Il posizionamento dei due principali investitori esteri globali, Cina e Stati Uniti è ancora incerto. Pechino non si è ancora pronunciata ufficialmente. Gli Usa non applicheranno il Pillar 2, almeno nel futuro prossimo, a causa delle divisioni tra il Congresso e l’amministrazione Biden. Inoltre, nel Congresso americano cresce l’opposizione a lasciare applicare la Utpr al reddito delle multinazionali americane situate negli Usa.

Considerare i probabili effetti differenziali della Global Minimum Tax tra i vari paesi è decisivo per comprendere il motivo per cui il Pillar 2 è stato proposto e sostenuto soprattutto da Francia e Germania (che secondo il Fondo monetario hanno le aliquote effettivamente più elevate tra i paesi Ocse – Imf, 2021) e poi fortemente sostenuto dall’amministrazione Biden.
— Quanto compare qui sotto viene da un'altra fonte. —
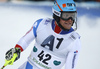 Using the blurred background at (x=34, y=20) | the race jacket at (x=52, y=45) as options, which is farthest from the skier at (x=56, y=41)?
the blurred background at (x=34, y=20)

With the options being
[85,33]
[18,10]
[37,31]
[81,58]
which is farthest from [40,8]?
[37,31]

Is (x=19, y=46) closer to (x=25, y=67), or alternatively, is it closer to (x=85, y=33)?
(x=25, y=67)

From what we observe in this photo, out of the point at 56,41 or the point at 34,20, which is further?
the point at 34,20

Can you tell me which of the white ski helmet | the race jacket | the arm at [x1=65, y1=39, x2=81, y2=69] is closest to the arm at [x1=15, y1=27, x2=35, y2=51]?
the race jacket

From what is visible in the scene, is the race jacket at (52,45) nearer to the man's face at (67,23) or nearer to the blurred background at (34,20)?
the man's face at (67,23)

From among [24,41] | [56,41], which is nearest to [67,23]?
[56,41]

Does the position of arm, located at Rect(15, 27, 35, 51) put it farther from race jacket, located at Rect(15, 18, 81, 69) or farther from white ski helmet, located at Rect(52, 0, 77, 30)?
white ski helmet, located at Rect(52, 0, 77, 30)

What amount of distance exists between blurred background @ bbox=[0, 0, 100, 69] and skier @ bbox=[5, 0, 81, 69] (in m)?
1.14

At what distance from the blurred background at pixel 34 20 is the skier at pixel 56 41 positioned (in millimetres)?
1135

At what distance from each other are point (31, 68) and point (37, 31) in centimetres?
39

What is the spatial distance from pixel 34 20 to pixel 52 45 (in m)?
3.71

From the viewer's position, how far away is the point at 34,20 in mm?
6445

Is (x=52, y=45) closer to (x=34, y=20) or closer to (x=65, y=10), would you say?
(x=65, y=10)

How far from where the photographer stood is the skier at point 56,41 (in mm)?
2703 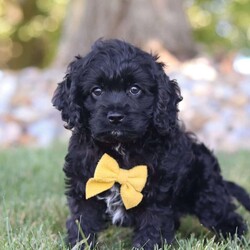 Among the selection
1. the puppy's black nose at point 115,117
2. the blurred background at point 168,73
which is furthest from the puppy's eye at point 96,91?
the blurred background at point 168,73

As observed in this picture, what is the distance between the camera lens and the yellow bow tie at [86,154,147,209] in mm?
3959

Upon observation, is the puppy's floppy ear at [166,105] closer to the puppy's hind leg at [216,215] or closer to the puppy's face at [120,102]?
the puppy's face at [120,102]

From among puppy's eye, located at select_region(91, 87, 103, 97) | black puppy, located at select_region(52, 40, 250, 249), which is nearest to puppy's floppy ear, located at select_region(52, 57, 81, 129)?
black puppy, located at select_region(52, 40, 250, 249)

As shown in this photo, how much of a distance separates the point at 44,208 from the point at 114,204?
131cm

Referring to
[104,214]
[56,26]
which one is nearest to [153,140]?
[104,214]

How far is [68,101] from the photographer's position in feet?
13.6

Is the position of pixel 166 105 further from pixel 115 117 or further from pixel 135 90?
pixel 115 117

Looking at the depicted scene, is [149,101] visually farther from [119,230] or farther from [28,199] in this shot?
[28,199]

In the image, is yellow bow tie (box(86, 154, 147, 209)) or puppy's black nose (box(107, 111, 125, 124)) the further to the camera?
yellow bow tie (box(86, 154, 147, 209))

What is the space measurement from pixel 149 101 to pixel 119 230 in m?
1.27

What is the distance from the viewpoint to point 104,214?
4.17m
Gli effetti sui flussi d’investimento spiegano inoltre perché i paesi in via di sviluppo e le giurisdizioni più piccole si stiano muovendo con più riluttanza rispetto all’Europa: nonostante gli annunci formali, nessuno di loro attuerà il nuovo sistema per l’anno fiscale 2024. E non a caso alcuni paesi in via di sviluppo hanno fatto pressioni per spostare la negoziazione dei temi fiscali internazionali dall’Ocse alle Nazioni Unite, per poter far leva, in quella sede, su una rappresentanza più forte.